### Problem description
Could you output exactly the lines running from the one containing "Rüdiger Gebhardt: Vom" to the final line of the listing below, leaving out pictures?
═══
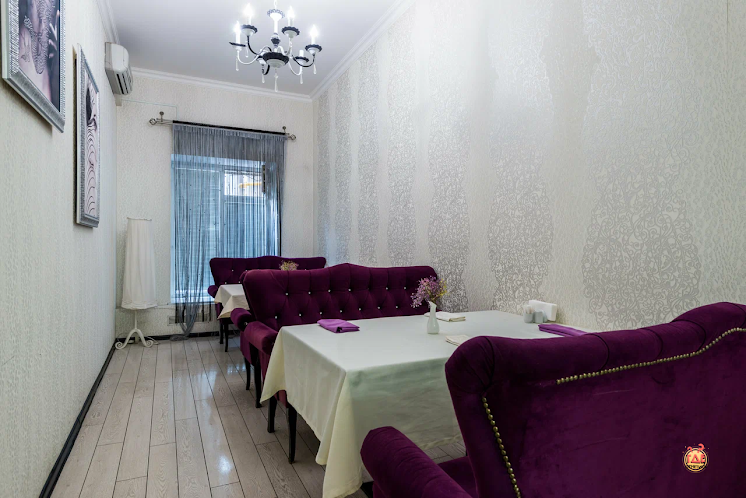 Зал «Белый» в «Колхи» фотография №5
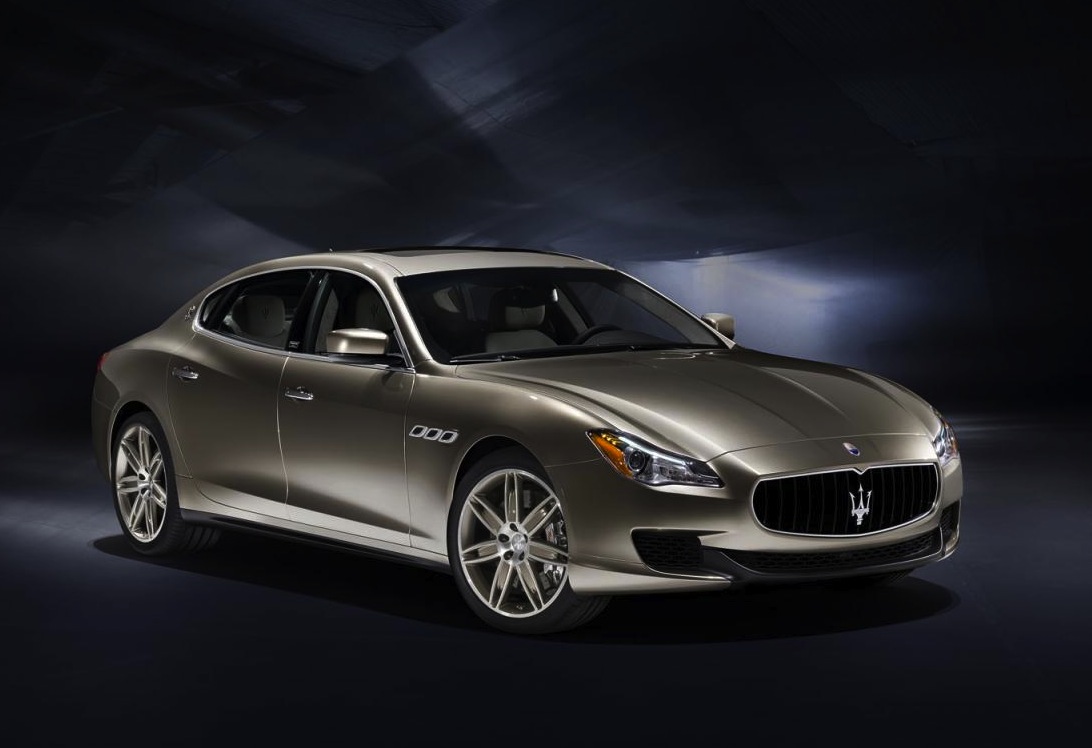 Maserati plans two debuts for Geneva, GranSport concept?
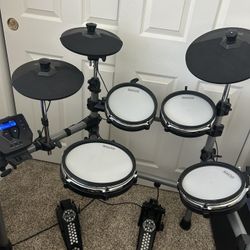 Simmons SD550 Electric Drumset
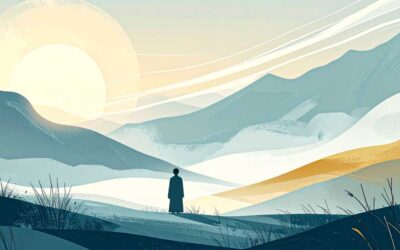 Rüdiger Gebhardt: Vom Innehalten zur Bewegung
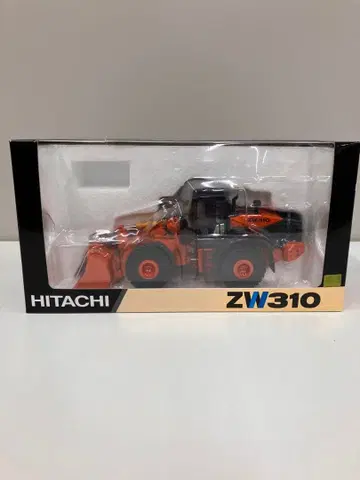 1/50 히타치 건설기계 휠로더 ZW310-5B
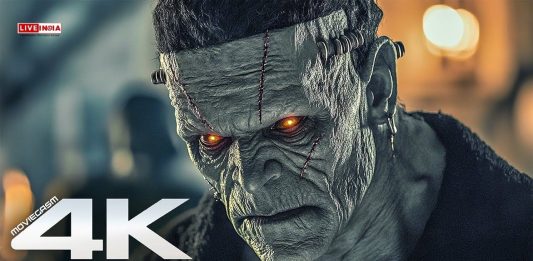 ‘Frankenstein’ Trailer on Netflix Sparks Fan Craze! Root for Big Screen Release-Watch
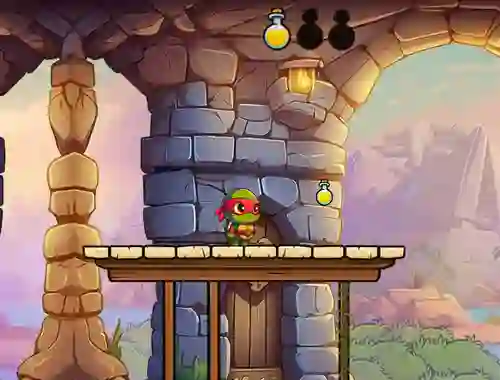 Spēle Turtle Quest online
═══
### Output for this exercise
 Rüdiger Gebhardt: Vom Innehalten zur Bewegung
 1/50 히타치 건설기계 휠로더 ZW310-5B
 ‘Frankenstein’ Trailer on Netflix Sparks Fan Craze! Root for Big Screen Release-Watch
 Spēle Turtle Quest online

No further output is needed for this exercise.